PwC continues to change many existing policies to market to millennial recruits. They aren’t too concerned with marketing to baby boomers who might lean towards a more conservative approach to clothing in the workplace. PwC has also implemented a plan to help new recruits pay back student loans.
PwC is doing this to compete with silicon valley companies and other startups that don’t believe the way you dress influences your work. Accounting is becoming less sexy and less attractive to millennials as a career. PwC is trying to change this.
The problem with this approach is that most startups practice what they preach and have flat hierarchies. This means that everyone’s viewpoint has equal weighting. Therefore adopting a casual dress code allows everyone to feel that they are on the same level.
I think PwC thinks that they are moving towards the same approach, but I would disagree with that.

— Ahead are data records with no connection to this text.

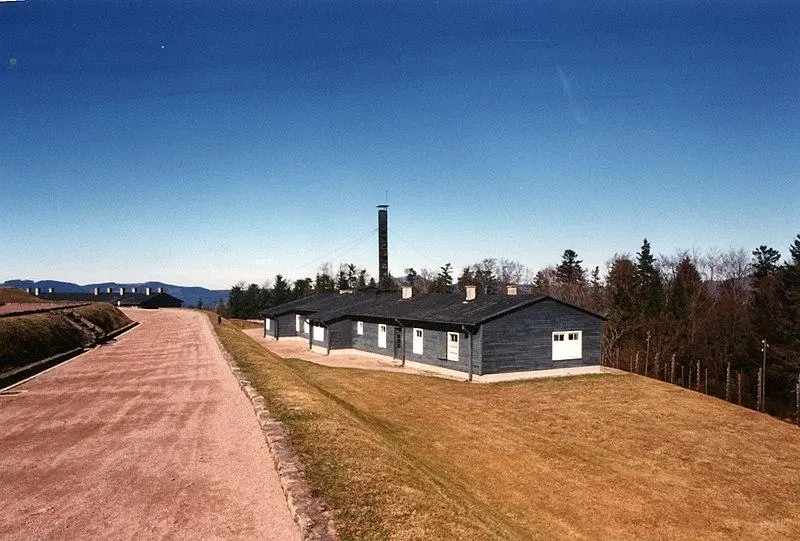 Picture of Former Natzweiler-Struthof concentrationnaire camp, currently deportee museum - Auteur inconnu - © Creative Commons (https://creativecommons.org/licenses/by-sa/4.0/deed.fr)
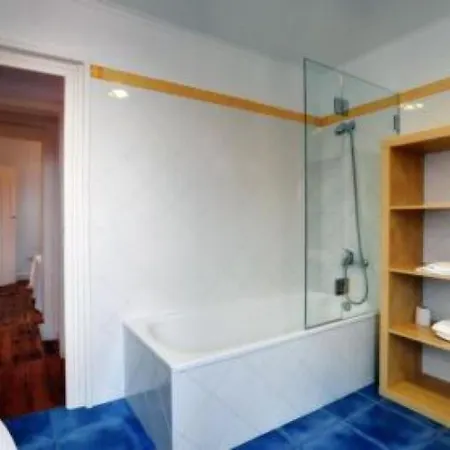 Fuer 11 Personen Und 1 Kind In Lissabon- Regiao De - Costa De Lisbo By Interhome * Lizbona
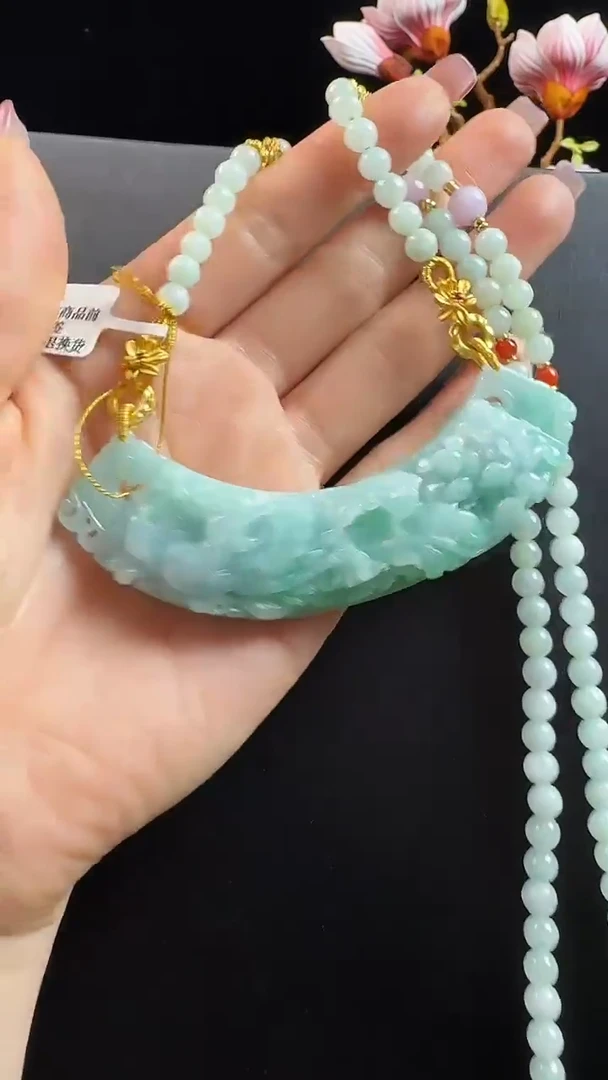 颈饰未镶嵌翡翠弯弯·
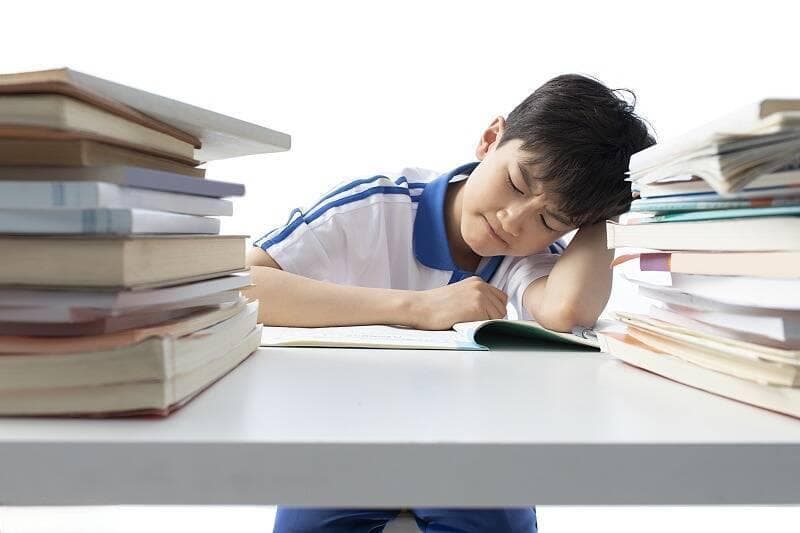 中高考将至 父母该如何帮助孩子应对考前焦虑？心理专家来支招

The very business model of the big 4 accounting firms is built around a rigid hierarchy. All decisions begin and end with partners as they are the owners of the firm.
The primary reason that the big 4 accounting firms love young people in the firm is because the differential between what young associates make versus their billing hour is passed to the partners. Young people are ok with this because they come in with no skills and are happy to have a job.
The money made by the largest demographic of the firm is passed on to the smallest amount of people within the firms. In other words, the partners profit greatly off of the sweat equity of associates and senior associates.